|A gift from CCI pup in training, Rocket.|
Rocket is being raised in Colorado and has his own dog blog.
Gimme the purple one.
Don't draw a dog. It'll just make you sad.
With purple crayon poised over the white butcher paper covering the restaurant table, I hesitate. What to draw while we're awaiting our pasta dinners? Sorely lacking in any artistic ability, I could do the same clever little cartoon fish that I usually scrawl out, but I ordered seafood and that seems insensitive. Ugh, quit being silly, I tell myself. My mood is in a bruised state and I'm getting weary of putting on a brave front.
We pass the time by writing our names upside down and with our non-dominant hands.
My Favorite Kid, left handed and right brained, is the artist of the family. While I draw the crayon version of a play-doh snake, he creates a very nice portrait of "Labrador retriever in blue crayon".
You told me not to draw a dog because it would make me sad, I say.
It makes me happy, he says.
Ah, he's got the right attitude. Let's celebrate the journey that brought us to where we are right now. And I begin to feel a little better about this end of a busy day. Twelve hours filled with the roller coaster extremes of emotional highs and lows.
We arrive in Dublin in early morning with Yaxley in tow to meet up with other CCI puppy raisers for training and workshop. That's Dublin, Ohio (the Heart of America!), the same state that holds other such landlocked exotic locales as Russia, Bellfontaine, Lebanon and Versailles. Each pronounced differently than one would expect, and in some cases, make one cringe a little.
|Yaxley (L) and Yoda (R)|
Both are devastatingly handsome, of course. At least some things never change.
|Watching the college babes.|
|Puppy raisers and their charges being recognized on stage. I'm on the right|
(in lavender) clutching my carnation and sporting a look on my face like
I wonder if they'll make an even trade - flower for dog?
(photo courtesy Marty M., puppy raiser)
After the puppy raiser recognition, we return to our seats for the main event. The Pièce de résistance, pardon my French.

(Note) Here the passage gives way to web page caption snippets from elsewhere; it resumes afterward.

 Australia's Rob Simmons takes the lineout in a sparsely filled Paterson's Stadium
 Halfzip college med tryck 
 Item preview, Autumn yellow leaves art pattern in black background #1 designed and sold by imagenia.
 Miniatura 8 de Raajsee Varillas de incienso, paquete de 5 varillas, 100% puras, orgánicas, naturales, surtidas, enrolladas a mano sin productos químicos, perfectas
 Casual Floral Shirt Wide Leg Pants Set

We watch as seven people, both children and adults, receive their fully trained assistance dogs. Graduates and dogs have completed two full weeks of intensive Team Training to reach today. (The dogs have completed six months of Advanced Training.) All have worked hard for this glorious moment when they can mark the beginning on the next path of their life. More than a constant companion, these highly trained assistance dogs are at the ready to change their partner's life in a deep and profound way.

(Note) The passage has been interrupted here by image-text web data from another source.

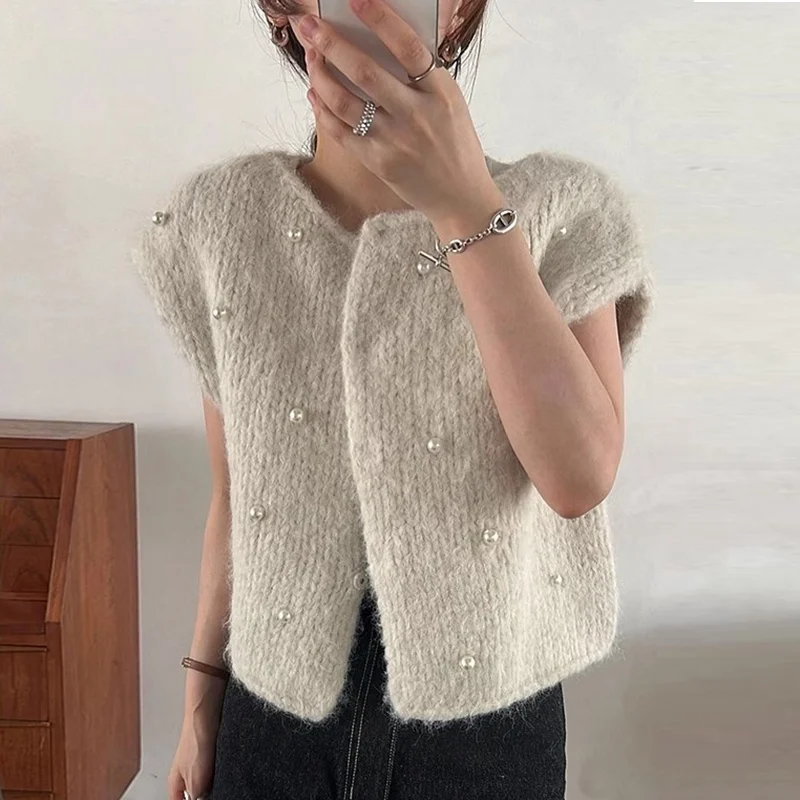 Chique outono inverno colete de malha pesado embelezado redondo ne solto outerwear feminino facionable commute sle sem marca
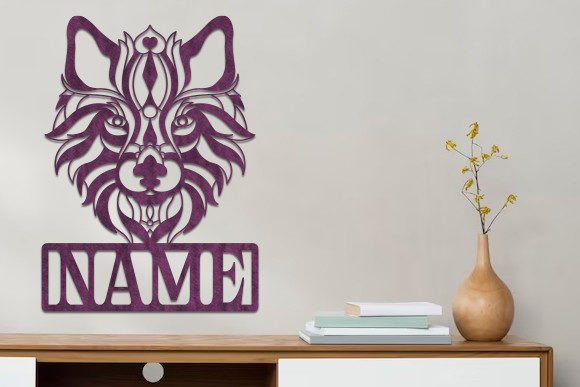 Download Laser Cut Wolf Head Wooden Name Sign Svg - Sign Collection
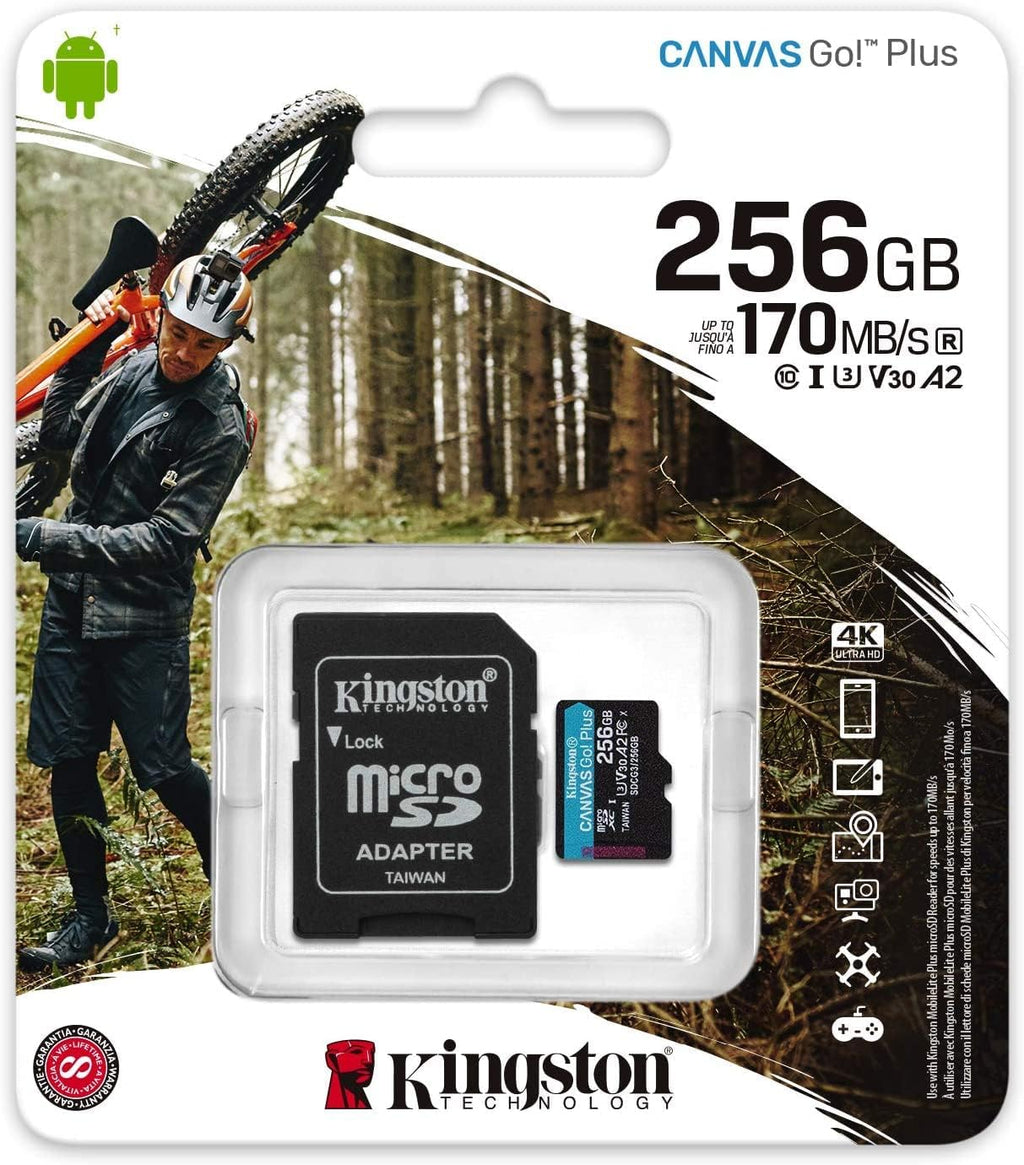 MicroSD Card 256GB for 4K Drone Recording with Card Reader Q3563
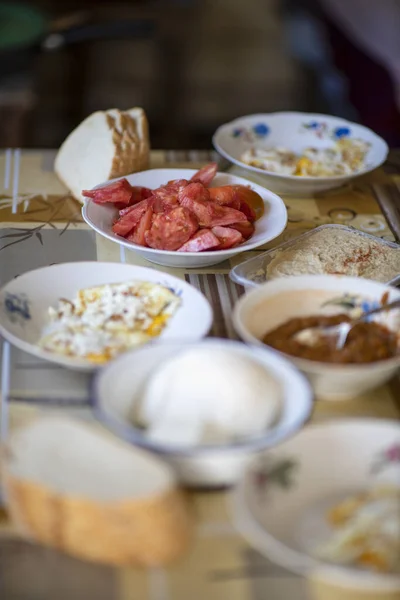 Diverses Assiettes Libanaises Cuisine Méditerranéenne — Photo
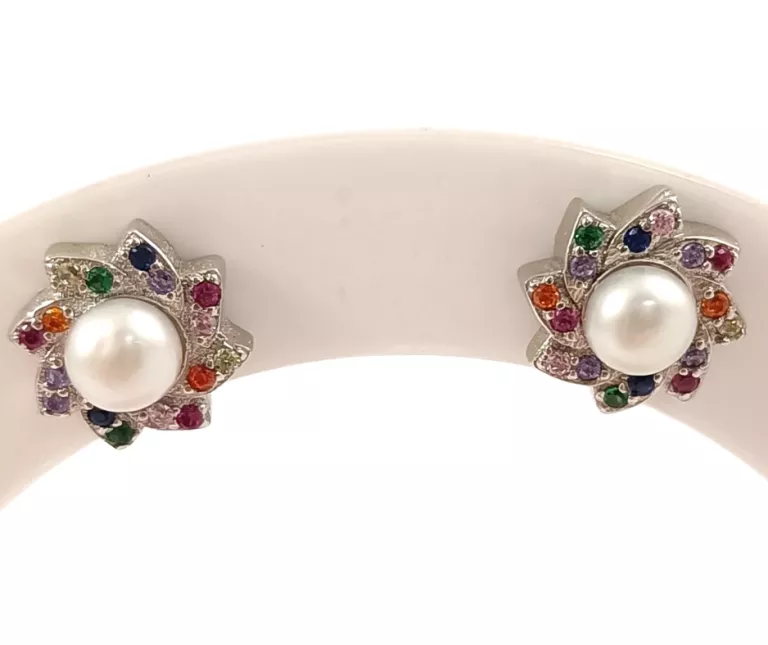 SREBRNE KOLCZYKI SZTYFT KWIAT Z PEREŁKĄ + KOLOROWE CYRKONIE 925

The graduate is introduced on stage and when the name of their assistance dog is announced to us in the audience, we watch as the puppy raiser of this amazing creature enters the stage and hands the leash to the grad. Symbolic that, the handing over of the leash. A closure of sorts for the puppy raiser. I did this just for you, my friend. And I thank you for allowing me this awesome moment, thinks the puppy raiser.
How can we do this puppy raising thing? you ask. How can we "give them up?" Yeah, people, that's how.

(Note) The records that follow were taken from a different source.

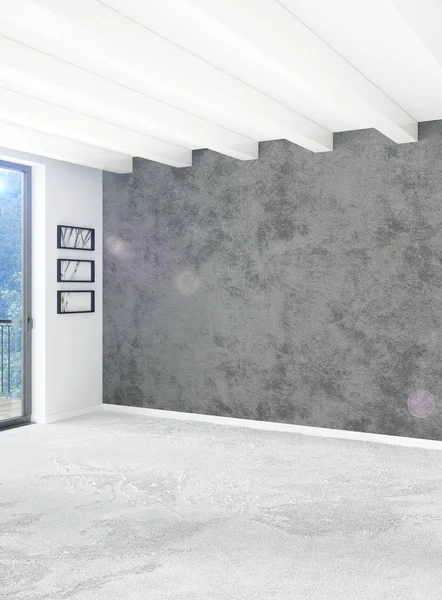 Beyaz yatak odası en az stil iç tasarım ahşap duvar ve gri Kanepeli. 3D render. 3D çizim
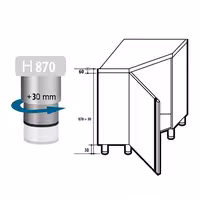 Ruostumaton kulmatyökaappi PREMIUM - 1000x1000 mm - saranaovet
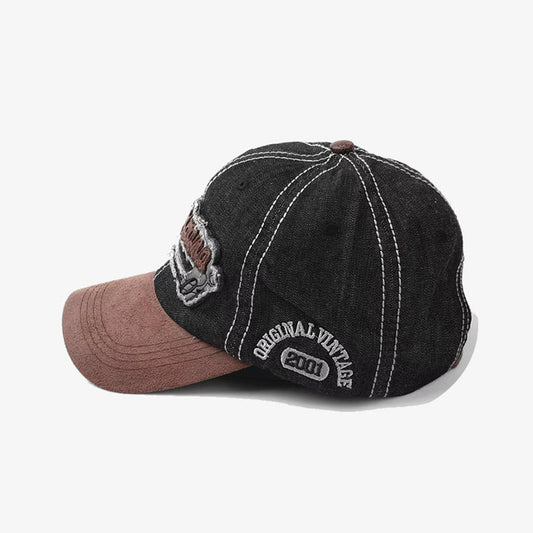 Two-Tone Denim Charcoal Embroidered Cap - CP100
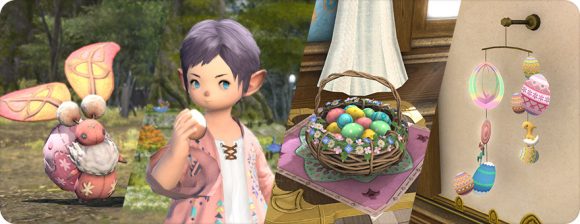 The FFXIV Hatching-tide 2022 rewards, including a bunny minion, an eat egg emote, and multiple egg-themed furniture items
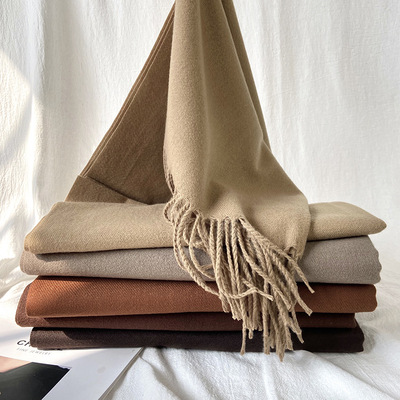 秋冬季棉麻围巾秋冬新款纯色围巾日韩仿羊绒围脖女高级感保暖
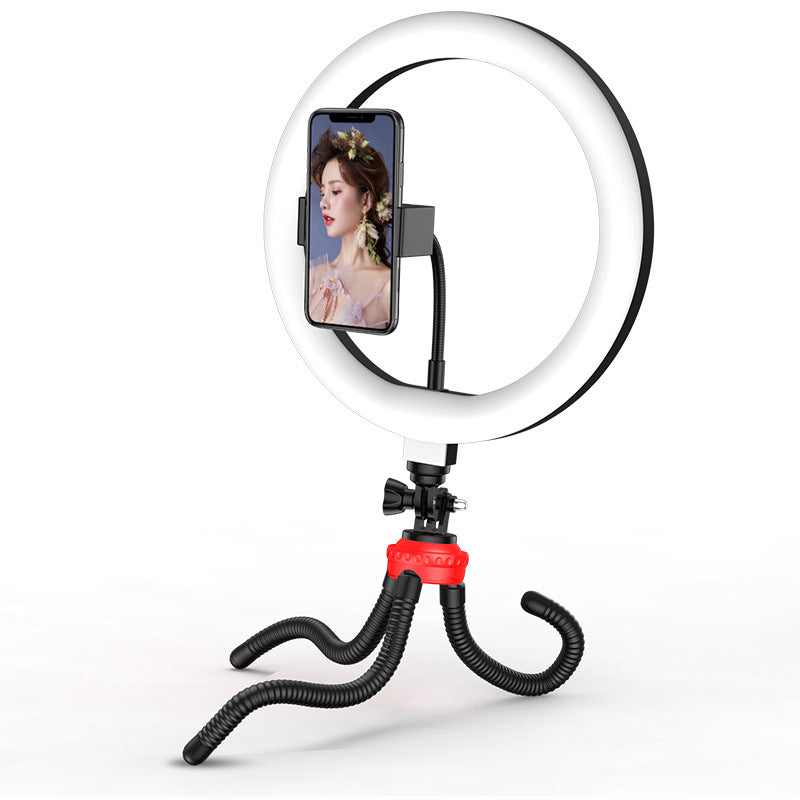 Illuminate Your Space with the Desktop Tripod 10 Inch LED Net Red Ring Light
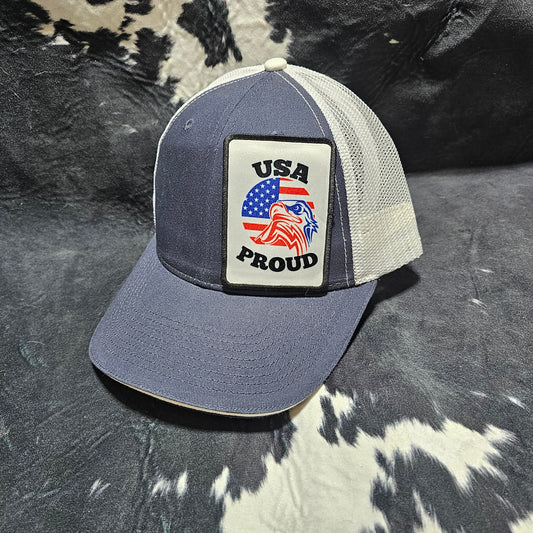 Fabric Patch Hat - USA Proud with custom hat design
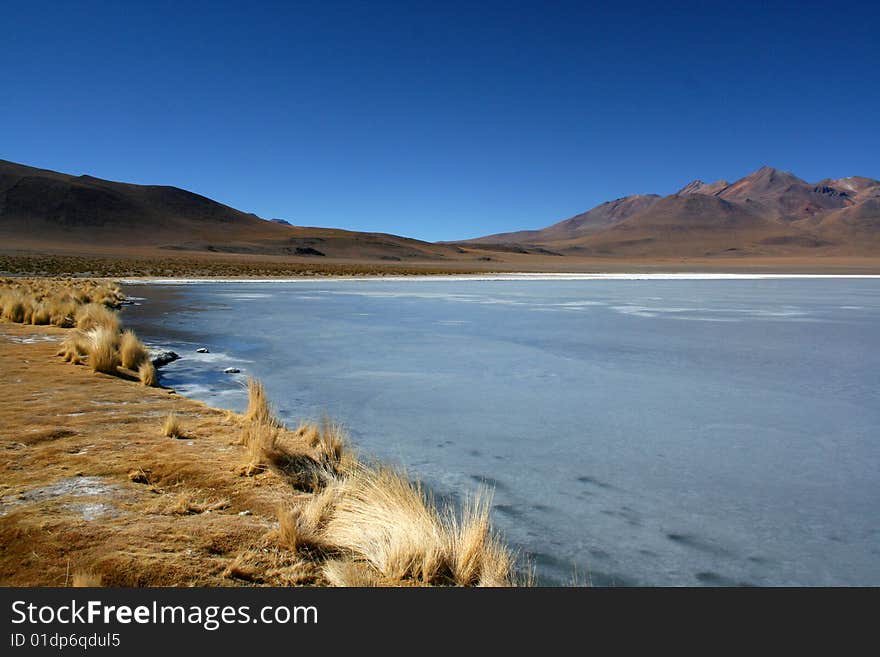 Frozen lake in desert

We joke around the office about how to keep Yaxley from Advanced Training. Who do I need to talk to about this? asks one high level manager, only partly kidding. My friend and co-worker attended this ceremony for the first time so she could give Yaxley one last hug. Afterwards, she says, Now I get it. I understand what Yaxley's supposed to do. I really want him to pass the program and graduate.
I can describe all this to you and try to show you in words. But people, it's attending a CCI graduation or seeing these assistance dogs in action that brings it home. It's actually takes being in the presence of something awesome to really understand it, I think.
Sure, I'm sad to not have Yaxley in my life anymore. It's been a great ride these past eighteen months and I do love that dog. A very lot. And a week later I still look for him or reach out to pat his yellow noggin and my eyes tear up a little. But our time together is done. I'm left with knowing I did my best by him and CCI - and hope that it was enough.
Because in six months, I want to hand over the leash. I want that last glance back before he turns to his new partner to wag his tail and ask What's next?
I want, I want. It's not about me, though. In the end, as with all the CCI pups, it will be Yaxley that determines his next path. Will he do well in his new place at CCI, will he be strong and take on the training like this is what he was born to do? Or will he not be the right stuff of an assistance dog? Some behavioral infraction that will take him to the fork in the road that leads to being an excellent pet for someone?
The professional trainers at CCI will take him through this dog college of sorts. They'll show him what he needs to know.
And we'll be right here waiting to hear about his progress. With high hopes, positive thoughts and fingers crossed. And some prayers, too.
We'll keep y'all in the loop here. Good news or not so much, updates on Yaxley will be here so we can continue to ride together on this amazing journey.